Im Arbeitsmarkt angekommmen: Chemie als Chance

Für Sajid aus Bangladesch war das Jahr 2015 eine Chance, in das Berufsleben zu starten. Jetzt denkt er sogar darüber nach, zu studieren.

Mann in Jeans und dunklem Shirt läuft vor einem Industriegelände

Sajid kommt von der Schicht bei Evonik im Chemiepark Marl Foto: Volker Wiciok

Aus Sorge vor Repressionen seitens politischer Gegner seiner Familie will der 24-Jährige Sajid auch nach acht Jahren in Deutschland weder seinen Nachnamen noch seinen Wohnort in der Zeitung sehen. Und das, obwohl er sagt: „2015 habe ich eine echte Chance bekommen.“

Sajid ist bei dem Chemieparkbetreiber Evonik in das Programm „Start in den Beruf“ eingestiegen – heute arbeitet er nach dreieinhalbjähriger Ausbildung am Standort Marl in Festanstellung als Chemielaborant.

In dem sechs Quadratkilometer großen Chemiepark mit seinem 55 Kilometer langen Straßen- und 1.200 Kilometer umfassenden Rohrleitungsnetz ist der junge Mann mit den dunklen Haaren Qualitätssicherer: „Wir analysieren die Produkte, überwachen, dass sie gut genug sind“, erzählt er am Telefon – wegen Corona gelten strenge Sicherheitsbestimmungen: Externe dürfen den drittgrößten Industrie-Cluster der Bundesrepublik aktuell nur in Ausnahmefällen betreten.

Gutes Geld in der Chemieindustrie

Sajid und seine Eltern sind 2012 aus Bangladesch nach Deutschland geflohen.

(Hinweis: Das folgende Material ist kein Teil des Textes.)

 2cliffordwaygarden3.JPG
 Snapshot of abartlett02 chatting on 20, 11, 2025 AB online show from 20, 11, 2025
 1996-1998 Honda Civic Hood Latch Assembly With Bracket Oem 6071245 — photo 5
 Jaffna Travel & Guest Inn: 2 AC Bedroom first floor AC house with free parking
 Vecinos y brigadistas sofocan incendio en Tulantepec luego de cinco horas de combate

Heute verdient der Sohn in Marl gutes Geld: In Nordrhein-Westfalens Chemieindustrie wird im ersten Jahr nach der Ausbildung ein Brutto-Mindestgehalt von rund 3.000 Euro gezahlt, dazu kommt ein 13. Monatsgehalt und Urlaubsgeld. „Der Chemietarif ist sehr gut“, sagt er nur – und klingt zufrieden.

Foto: infotext-berlin.de

Einfach war der Weg dorthin aber nicht. „Als Aufenthaltsort ist uns 2012 eine Stadt im nördlichen Ruhrgebiet zugewiesen worden“, erzählt der in Bangladesch Geborene. Weder er noch seine Eltern oder sein jüngerer Bruder hätten auch nur ein Wort Deutsch gesprochen. „Am ersten Tag haben wir ohne Salz gekocht – niemand von uns wusste, dass ‚Salt‘ auf Deutsch Salz heißt“, erinnert er sich.

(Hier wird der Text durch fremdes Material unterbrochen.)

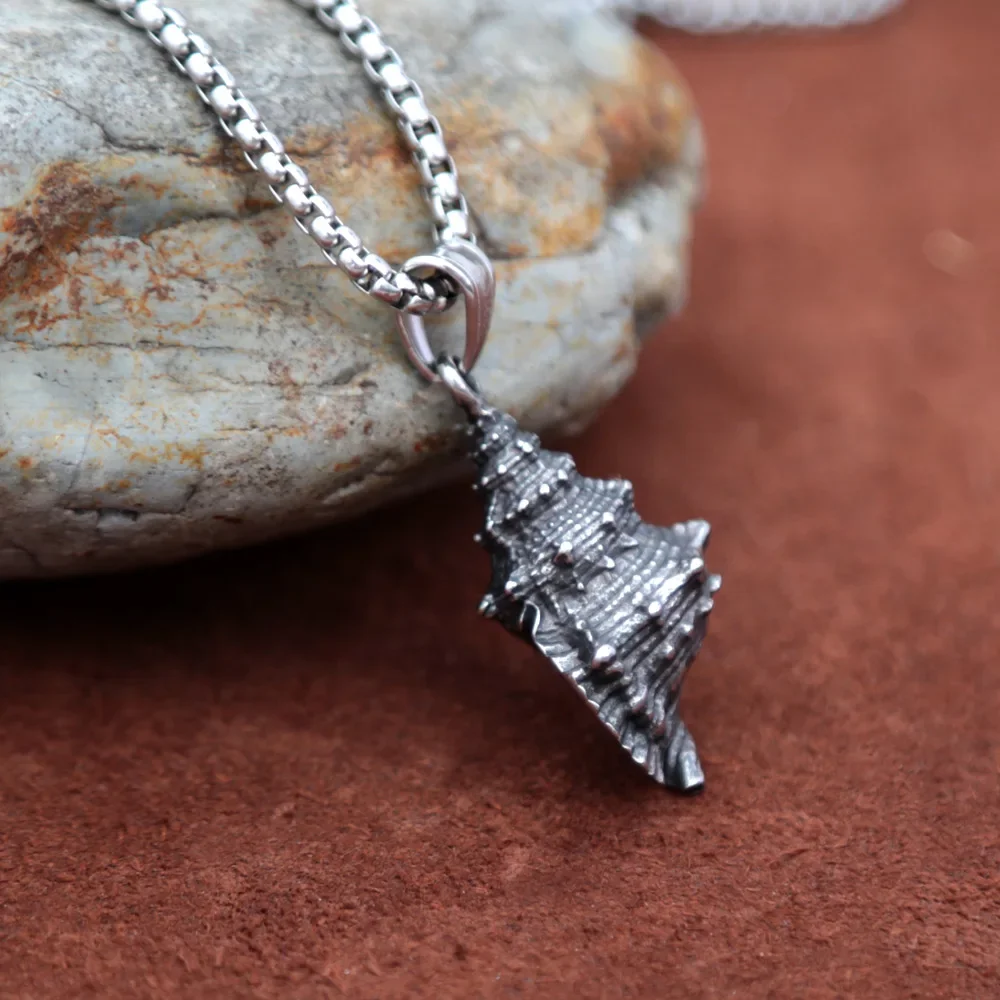 Unique Stainless Steel Seashells Conch Pendant Necklace Punk Sea Shell Necklace For Men Women Fashion Beach Surfing Jewelry Gift 5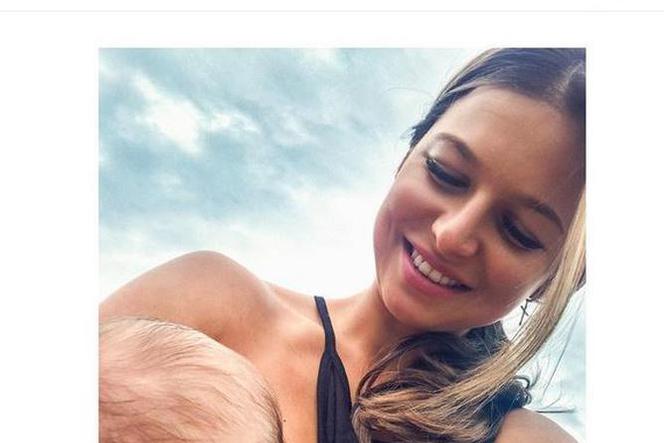 Anna Lewandowska karmi piersią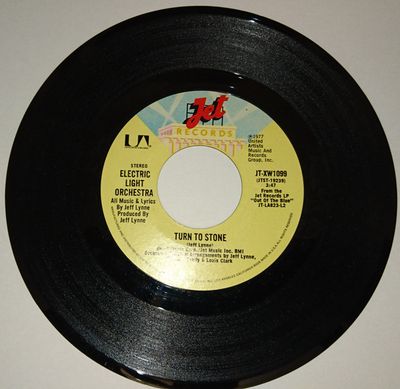 Electric Light Orchestra - Turn To Stone (7&quot;, Single) (Very Good Plus (VG+))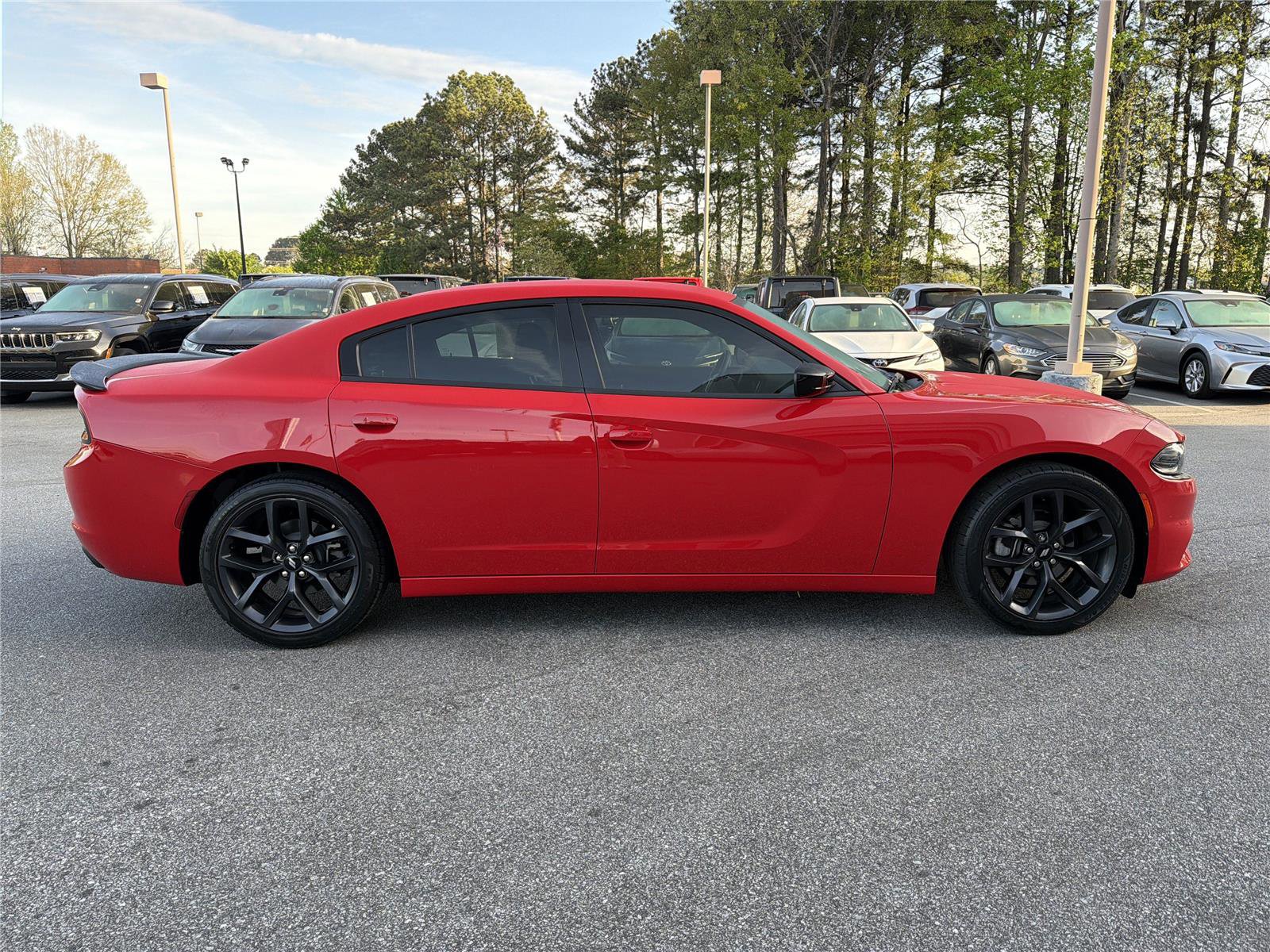 Used 2019 Dodge Charger SXT w/ Blacktop Package image 5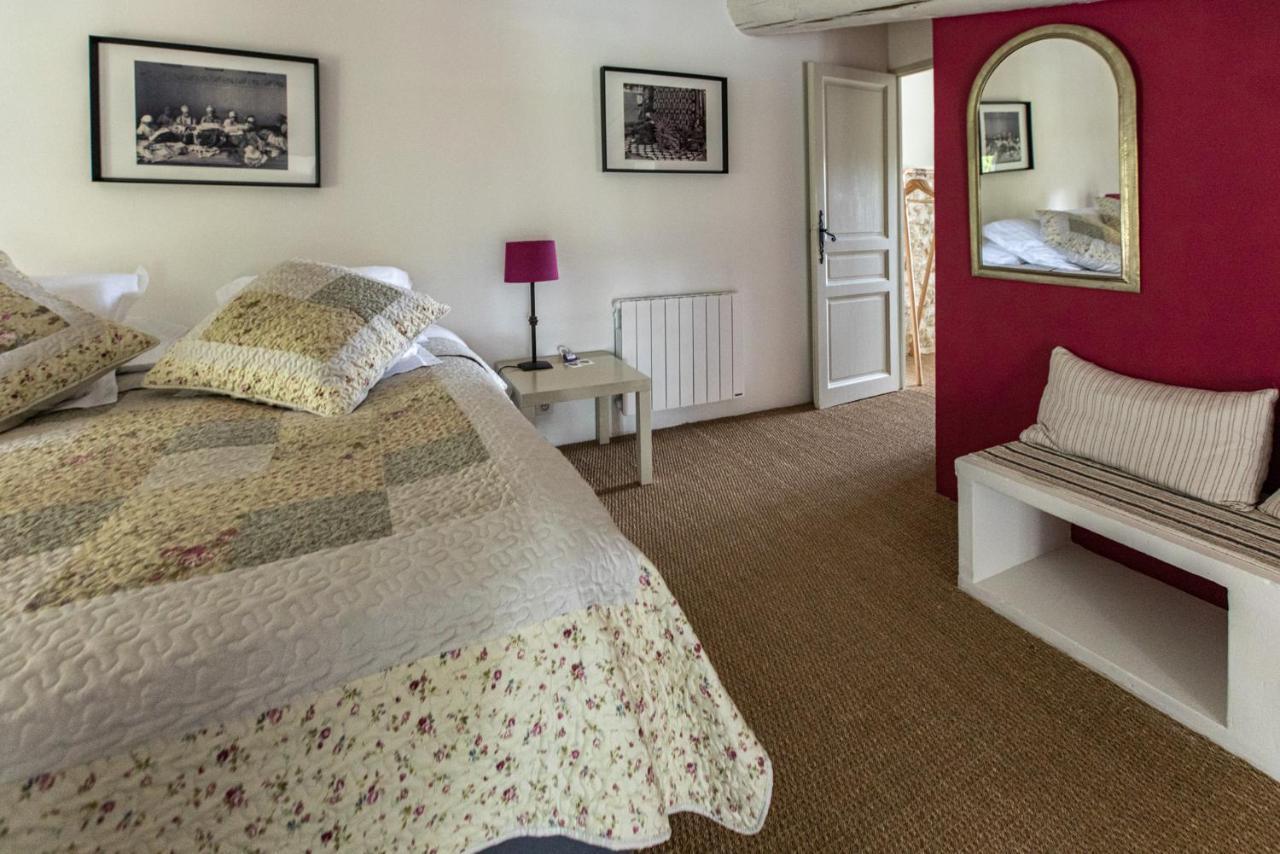 Le Prieure La Madelene Bed & Breakfast Malaucène Exterior foto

Sajid,seit 2012 in Deutschland

„Niemand von uns wusste, dass ‚Salt‘ auf Deutsch Salz heißt“

Danach besuchte der damals 16-Jährige eine Hauptschule in Recklinghausen, wo zeitweise rund 300 der etwa 360 Schüler*innen die Biografie von Geflüchteten hatten. „Das waren Klassen für Menschen, die aus anderen Ländern kamen“, erinnert sich Sajid, „wir haben vor allem Deutsch und deutsche Grammatik gelernt – aber natürlich auch Mathe und andere wichtige Fächer.“ Nach einem Praktikum beim Chemiegrundstoff-Hersteller Ineos Phenol absolvierte er schließlich noch die 10. Klasse auf einem Berufskolleg in Marl.

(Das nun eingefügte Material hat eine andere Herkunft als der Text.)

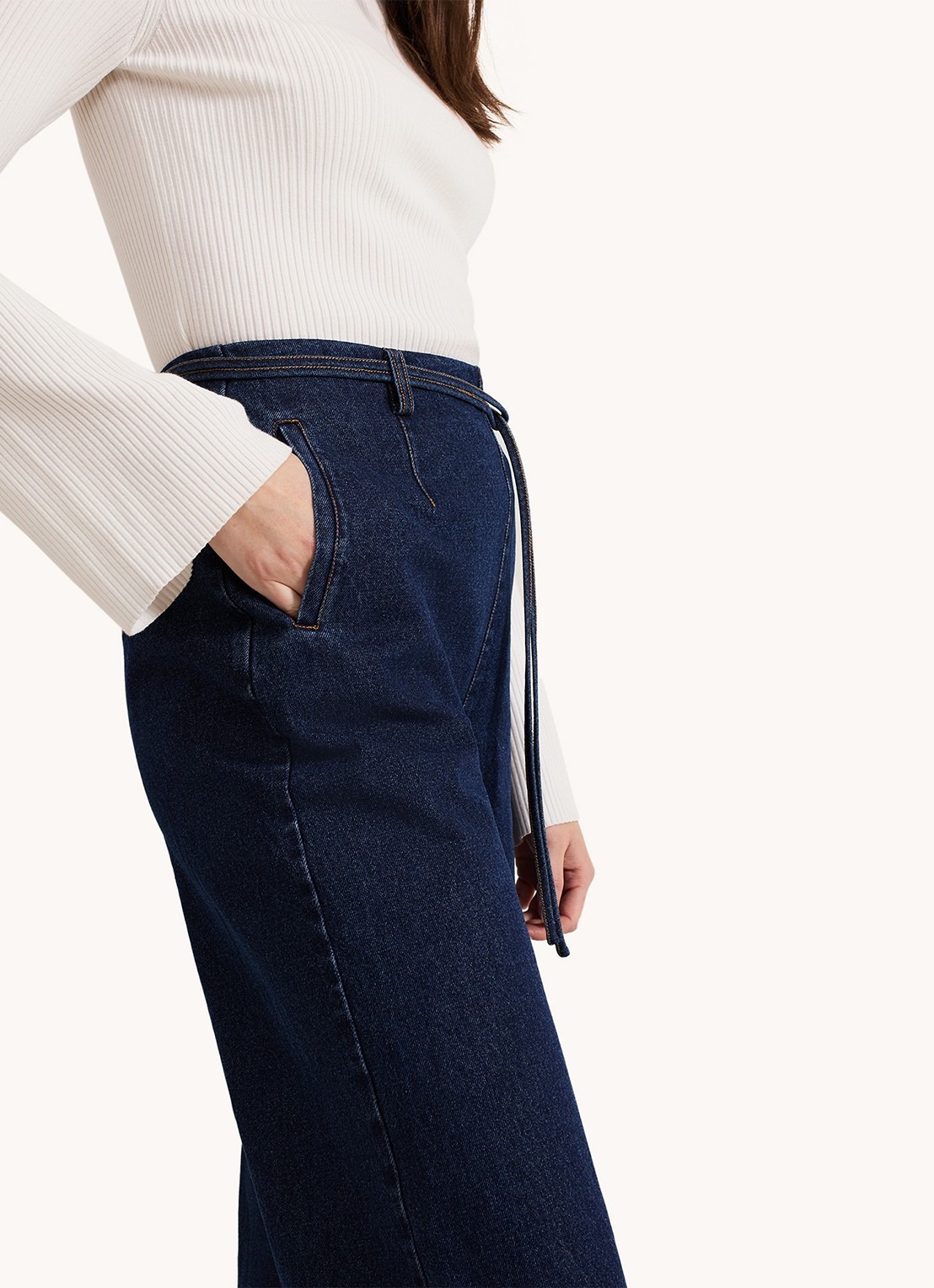 Phase Eight Aubrielle high waist wide fit cullote met donkere wassing - detail 3 denim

Am liebsten wäre Sajid direkt eine Lehrstelle als Chemikant bei Evonik im Chemiepark Marl gewesen. „Das hat im ersten Anlauf jedoch nicht geklappt“, berichtet er, inzwischen nahezu perfekt und akzentfrei Deutsch sprechend. Das Chemieunternehmen Evonik, das 2007 aus dem „weißen“ Bereich der RAG Aktiengesellschaft sowie der Degussa hervorgegangen ist und an dem die RAG-Stiftung noch heute mehr als 58 Prozent hält, ist einer der größten Ausbilder in der Region.

Foto: infotext-berlin.de

Allerdings kam mit der Absage auch ein Angebot, nämlich an dem achtmonatigen Programm „Start in den Beruf“ bei Evonik teilzunehmen. „Dessen Ziel ist es, Jugendliche, die als nicht ausbildungsreif gelten, für eine Ausbildung fit zu machen“, erklärt der Leiter der Evonik-Ausbildung, Hans-Jürgen Metternich. Schon Ende 2014 habe sich ein Geflüchteter im Chemiepark Marl gemeldet und sei kurzfristig in das Projekt eingestiegen. Im Jahr 2015 seien dann neben den 50 regulären Plätzen zusätzlich 30 weitere für Schutzsuchende geschaffen worden, 2016 bis 2019 konnten an dem Programm sogar insgesamt jeweils 90 junge Menschen teilnehmen. Der Anteil der geflüchteten Jugendlichen beträgt aktuell rund 25 Prozent.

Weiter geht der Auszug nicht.